Uma das descobertas mais impressionantes diz respeito ao tempo. O computador aprendeu que as maiores diferenças entre os dois grupos ocorriam frequentemente logo no início de um movimento. Quando um participante começava a dançar ou a mudar a sua caminhada, o planeamento inicial e a preparação do corpo revelavam os padrões mais distintos. À medida que o movimento continuava e se tornava mais automático, as diferenças tornavam-se por vezes menos pronunciadas. Isto sugere que a dificuldade pode não residir na capacidade de continuar a mover-se, mas sim no passo inicial de traduzir uma intenção ou uma pista social numa ação física. O estudo também descobriu que o computador foi capaz de identificar estes padrões de forma consistente entre diferentes indivíduos, mesmo que o grupo incluísse pessoas de diferentes idades e com níveis de capacidade variados. Isto indica que estas diferenças de movimento são uma parte fundamental da experiência autista, e não apenas um efeito secundário de outros fatores.

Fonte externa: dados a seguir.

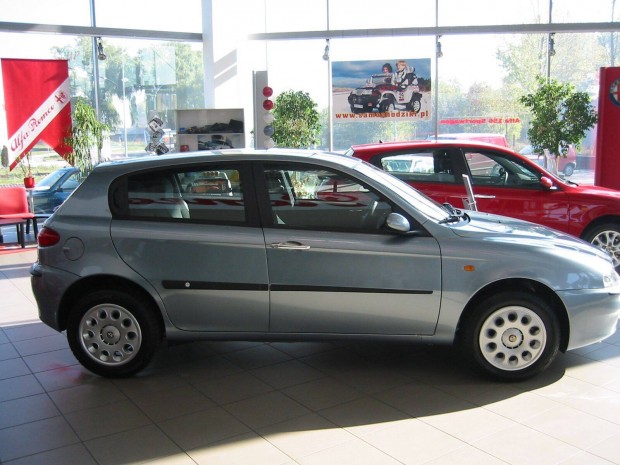 Alfa Romeo 147 Ajtóvédő Díszléc Oldalcsík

A investigação não sugere que as pessoas autistas se movam "erradamente" ou que careçam da capacidade de se expressarem. Em vez disso, aponta para uma forma diferente de organizar o movimento, que responde a contextos emocionais e sociais de uma forma única. O estudo desafia a ideia de que as diferenças motoras no autismo são fixas ou estáticas. Em vez disso, mostra que estas diferenças são fluidas, mudando e adaptando-se dependendo de se a pessoa está sozinha ou com outros, e se está a expressar confiança ou tristeza. Ao utilizar ferramentas computacionais avançadas para ouvir a linguagem do corpo, os investigadores descobriram uma camada de comunicação que tem estado escondida há muito tempo. Eles descobriram que o corpo detém uma assinatura da mente, uma que se torna mais visível quando lhe pedimos para fazer algo complexo e significativo. Este trabalho abre uma nova porta para a compreensão do autismo, sugerindo que, ao observar como as pessoas se movem em contextos do mundo real, podemos ganhar uma compreensão mais profunda e compassiva de como elas experienciam o mundo.